We all love horses here and that’s a fact. Regardless of who you are, where you’re from, or what kind of a person you think you are, chances are that if you clicked on this link then you are just as much of a fan of horses as the rest of us are, and that’s perfectly fine.

One mistake that most people make out there is they actually end up believing that you need to have owned horses all your life to actually love them to begin with, and that’s honestly quite a huge misconception to say the least.

Many of us have always found horses to be fascinating and beautiful, but because we lived in the city or we couldn’t afford to actually take care of one, we just never got to own one for ourselves, until now.

Mini horse
Photo by Julissa Helmuth / pexels.com

Because of this, most of us don’t how to take care of a horse and more specifically we end up dismissing the idea of ever buying one, because we are afraid that we won’t know how to actually deal with it.

Rest assured though knowing that you’re not alone in this, as there are millions of others out there that are going through the same thing as we speak. In order to help you and everyone else that is facing this problem we decided to bring you our very own guides depicting all of the ins and outs of the craft.

In this detailed article we decided to cover miniature horses and everything that they may entail. So, let’s just hop right into a quick little introduction on what separates miniature horses from any other horses out there:

The History of Miniature Horses

History of Miniature Horses
Photo by Soledad Lorieto / unsplash.com

Miniature horses were actually first developed way back in the 1600s somewhere in Europe. They quickly became popular because of their adorable look and of course, their small size.

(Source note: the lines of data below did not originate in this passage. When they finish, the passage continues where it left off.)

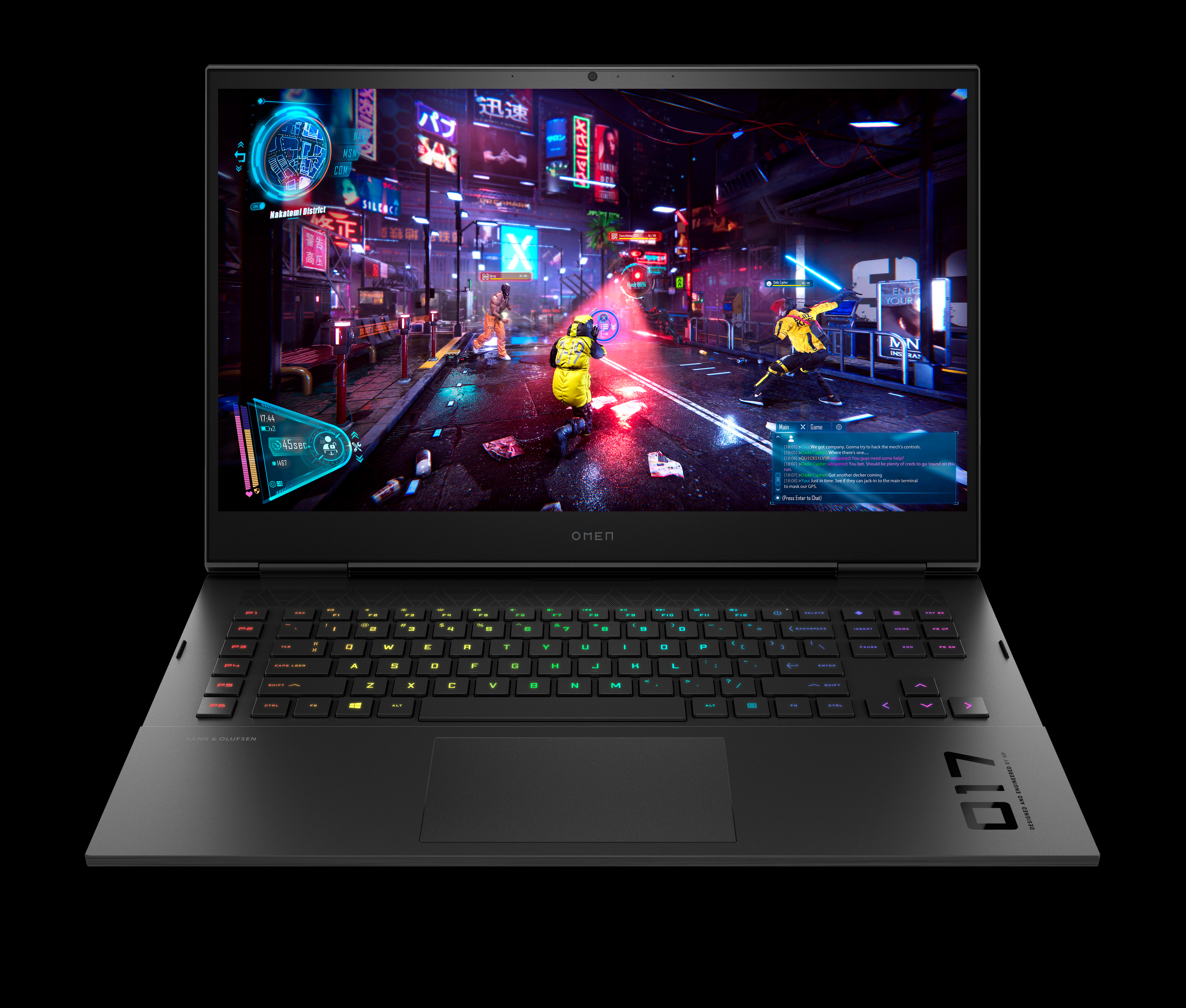 New NVIDIA RTX 40-series Gaming Laptops: Acer RTX 4050-4090 and More! —  Eightify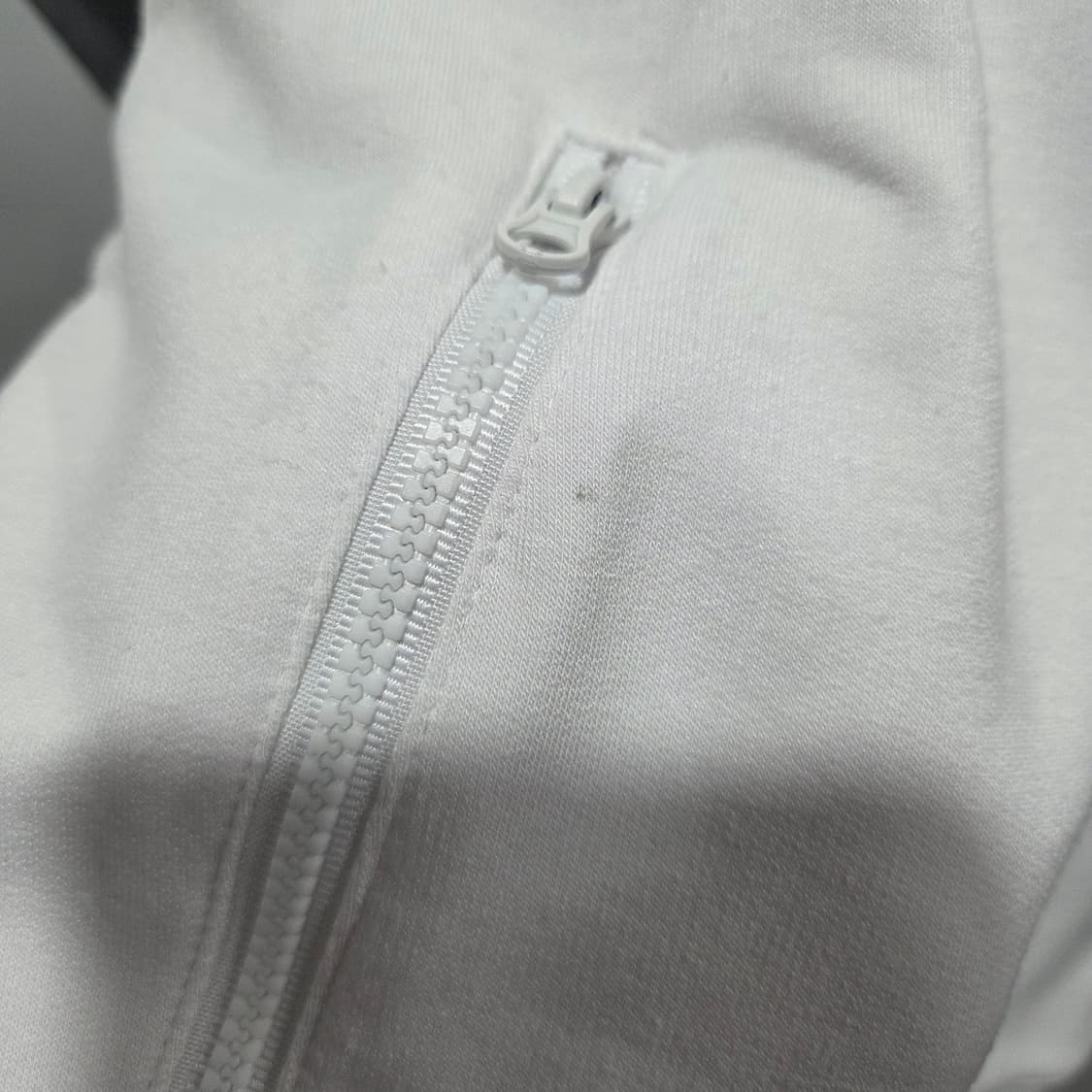 챔피온 후드 트랙탑 자켓 M 상품이미지6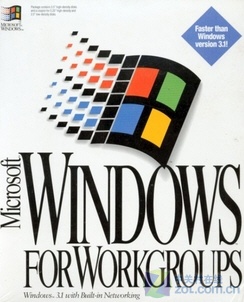 你真没经历过!24年Windows包装盒进化史 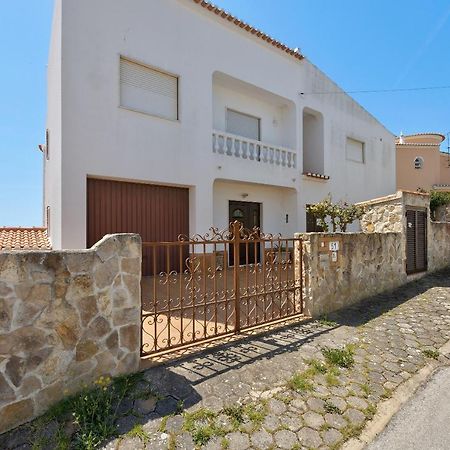 Casa Atlantico Nº5 Apartman Lagos Kültér fotó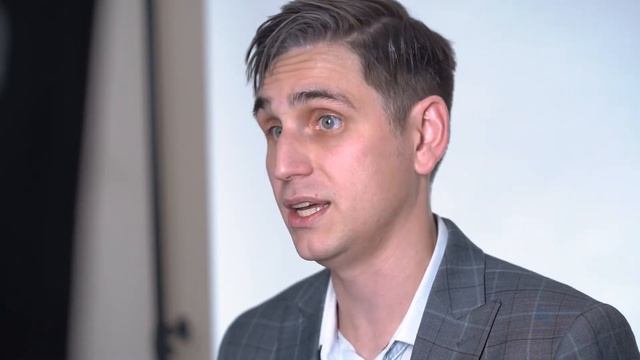 Андрей Кондрашин о ресторанной индустрии в поствирусный период.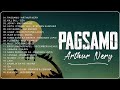 Pagsamo - Arthur Nery | New OPM Love Songs - Top Trending Filipino 2023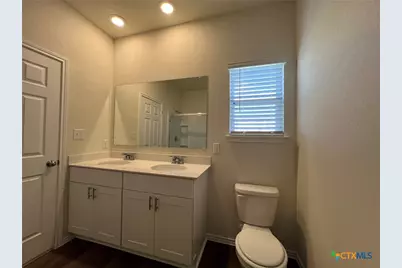 753 Heartseed Avenue, New Braunfels, TX 78130 - Photo 39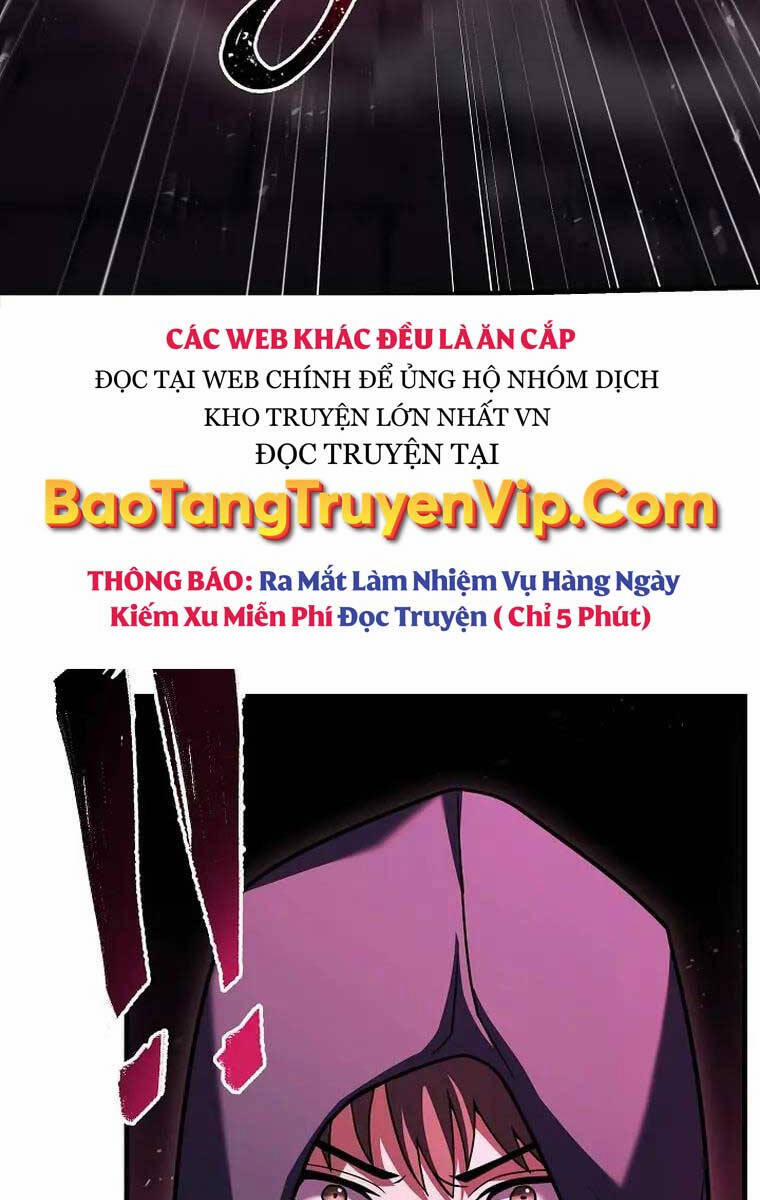 manhwax10.com - Truyện Manhwa Huyền Thoại Giáo Sĩ Trở Lại Chương 112 Trang 134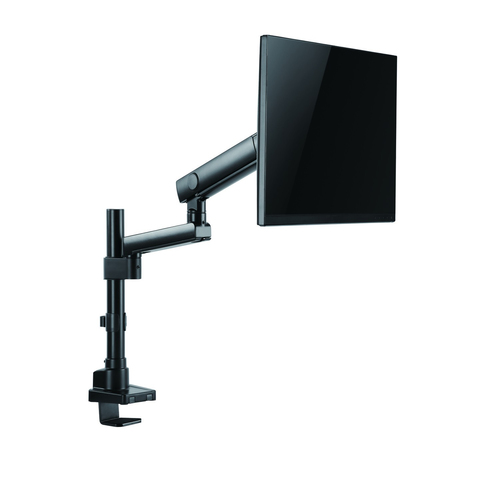 V7 DMPRO2TA-3E Suporte de Mesa de Ecrãs Planos 81,3 CM (32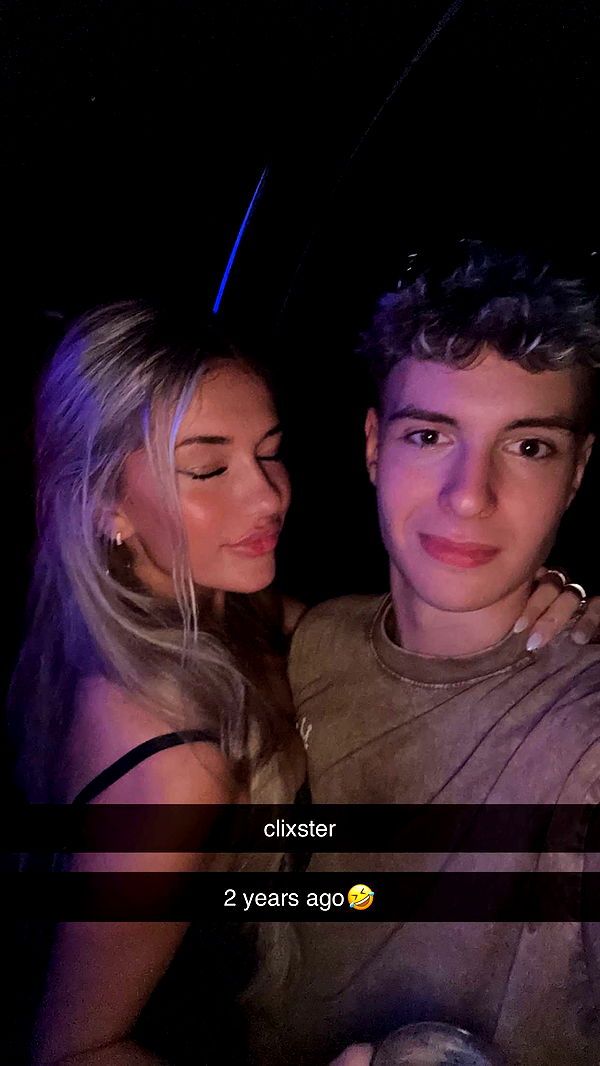 breckiehill image ~ Altpins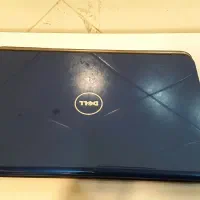 لپتاپ Dell N5010|رایانه همراه|شهریار, شهریار|دیوار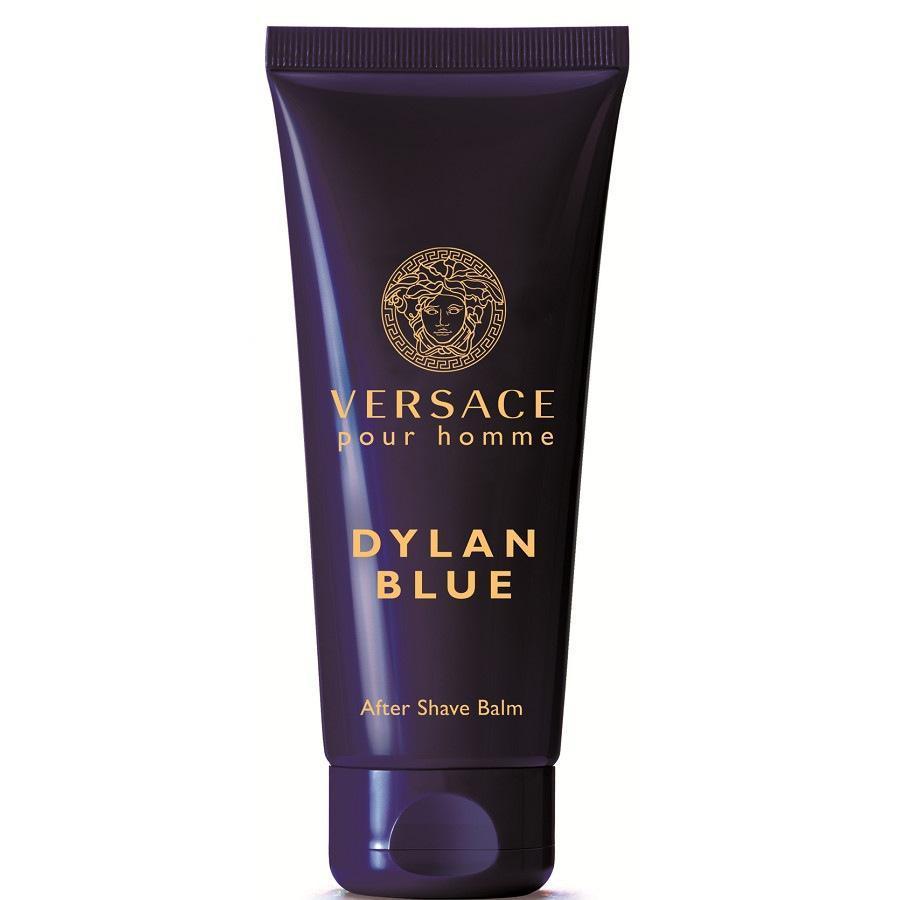 Versace balzam poslije brijanja Dylan Blue - 100 ml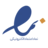 eNamad electronic trust seal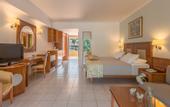 Туры в отель Kipriotis Maris Suites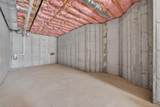 35 Pinto Road - Photo 33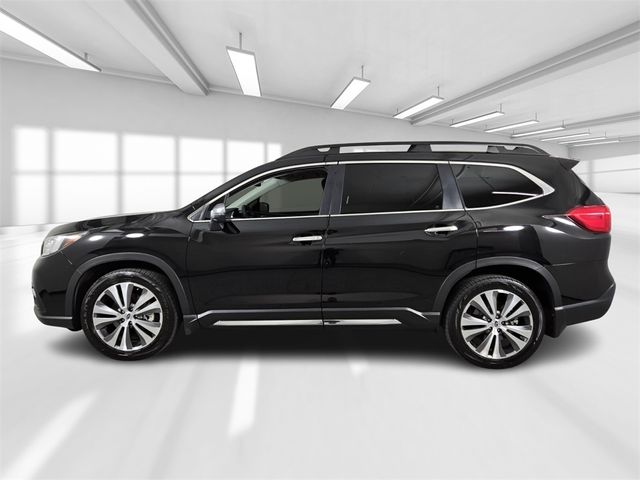 2021 Subaru Ascent Touring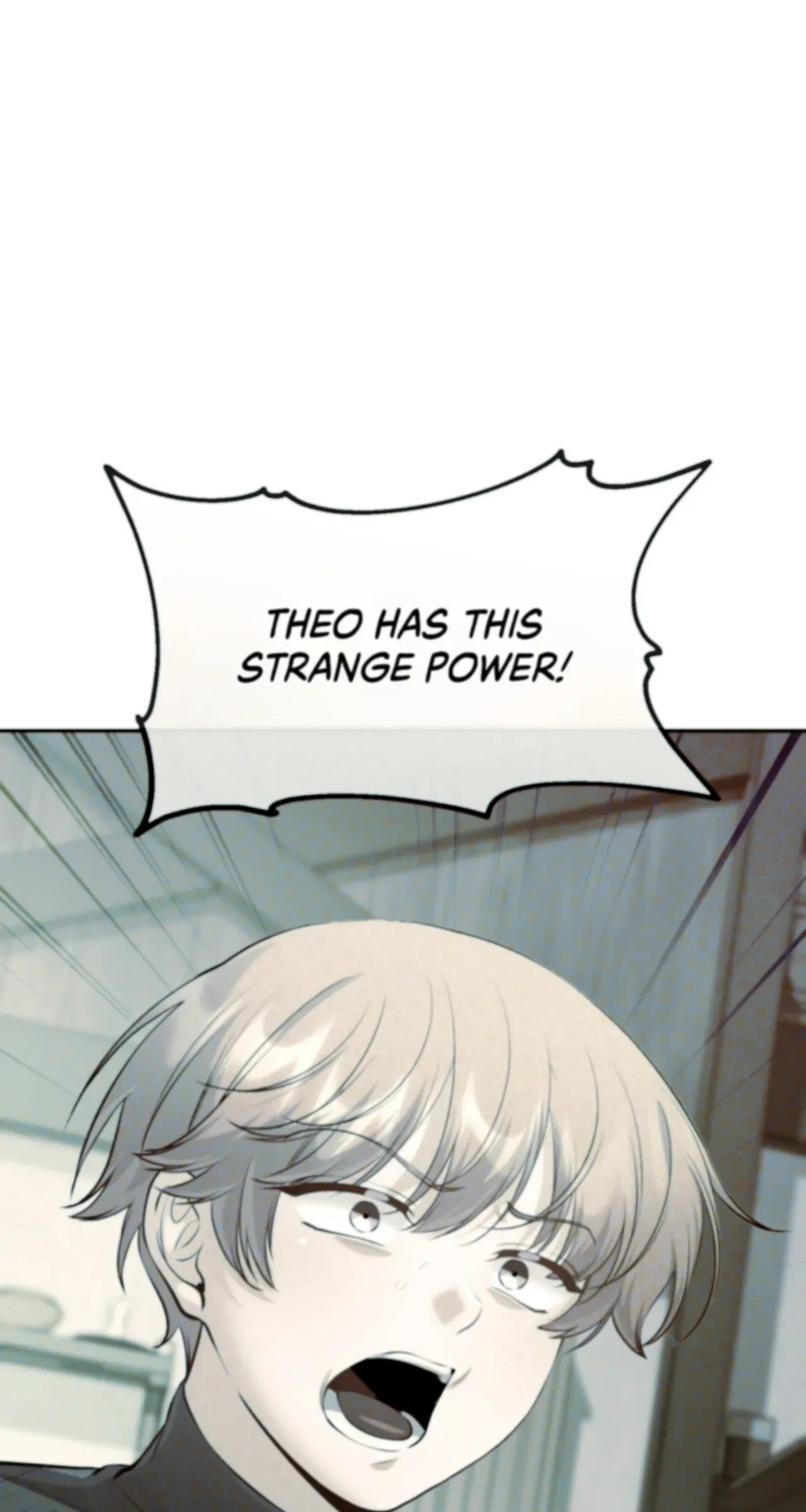 I Thought I Tamed the Villain Chapter 33 page 25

They were actually first used for labor in mines because of their small size, as they could easily walk in and out of the mines without causing any collapses inside. They made their way into the United States around the late 1800s, where they quickly caught on yet again for mining purposes.

A couple of decades later though they started to get recognized for their strange, look and before long they even had two registries made specifically for them, aka the American Miniature Horse association and the American Miniature Horse Registry.

With this newfound popularity, their numbers started to double up overnight as more and more people started to pay attention to them, increasing their demand not only for mining purposes but also for their aesthetic.

How Small Are Miniature Horses?

How Small Are Miniature Horses
7S Miniature Horse Farm / facebook.com

Considering the fact that they are literally known as miniature horses, how mini are they really? Well, for the most part, the American Miniature Horse Association only considers horses measuring 34 inches to be purebred, with any horse that grows taller than that not being officially recognized as a mini.

The American Miniature Horse Registry however does believe that there are two different types of miniature horses to be found on the market.

The first of these is around 34 inches tall while the second one can grow as large as 38 inches. Again, anything larger than that is not officially considered to be a miniature horse to begin with.

For the most part, miniature horses will weigh something between 150 and 350 pounds in total, with the great majority of them being on the smaller size and the occasional one reaching around 300 pounds during their peak.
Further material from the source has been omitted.